W rozgrywanych w Grecji klubowych mistrzostwach Europy nie wystartowała ani jedna drużyna z naszego kraju. Nie sprawdzałem dokładnie, ale jesteśmy chyba jedynym krajem, który nie stanął do rywalizacji w tych prestiżowych rozgrywkach.
Co prawda gra troje Polaków, ale w klubach zagranicznych. Panowie - Bartosz Macieja i Bartosz Soćko - walczą na pierwszych szachownicach w swoich klubach, jednak ich drużyny do potentatów nie należą. Pierwszy ma 3 pkt. z 4 a drugi 2,5.

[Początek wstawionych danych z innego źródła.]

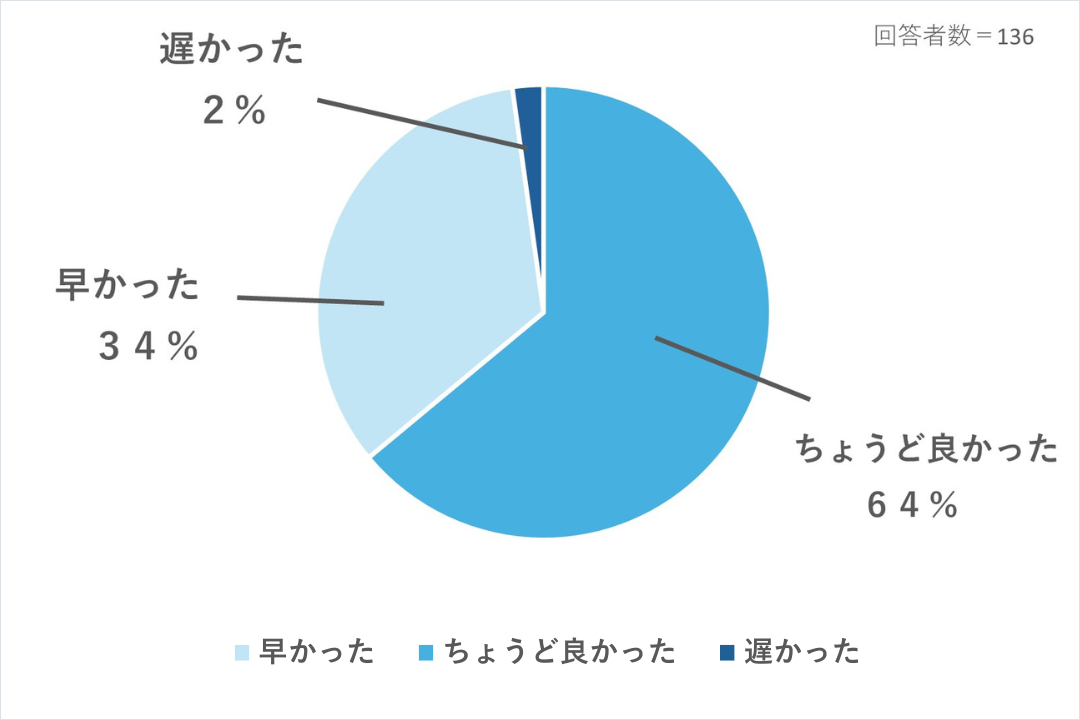 「子どもにスマホを持たせて、正直どうだった？」、｜働く女性に聞いた答えとはイメージ画像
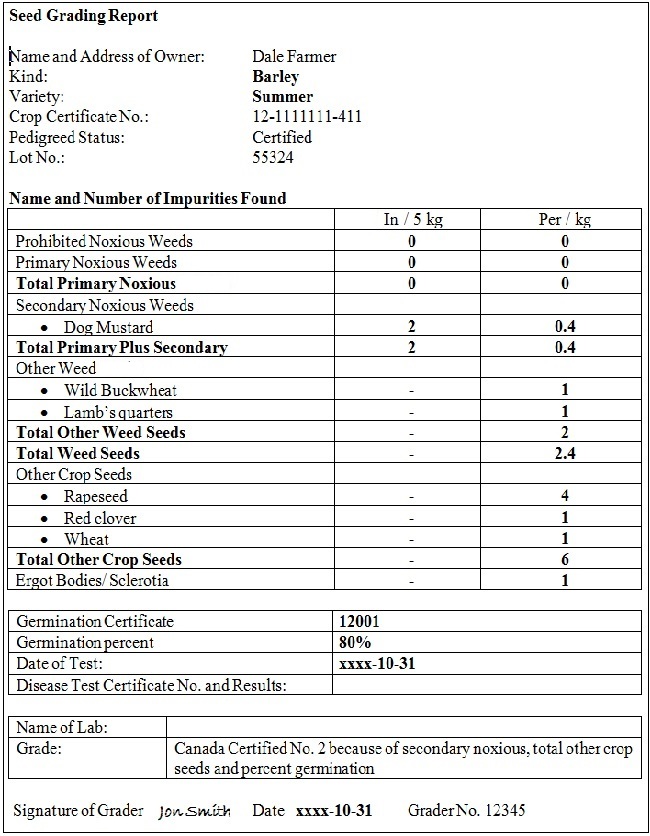 Image of a sample of the Seed Grading Report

Jedyną panią jest Monika Soćko (na zdjęciu w samym, lewym rogu), która gra na czwartej szachownicy (2,5 z 4), ale w bardo silnym klubie z Monte Carlo. W skład wchodzą m.in. Hinduska Koneru (najwyższy ranking na świecie) i Szwedka Cramling (od wielu lat ścisła, światowa czołówka). Po czterech rundach "księskie" szachistki, które bronią tytułu są na drugim miejscu.
Ciekaw jestem co na to Polski Związek Szachowy, bo moim zdaniem to wstyd na całą Europę.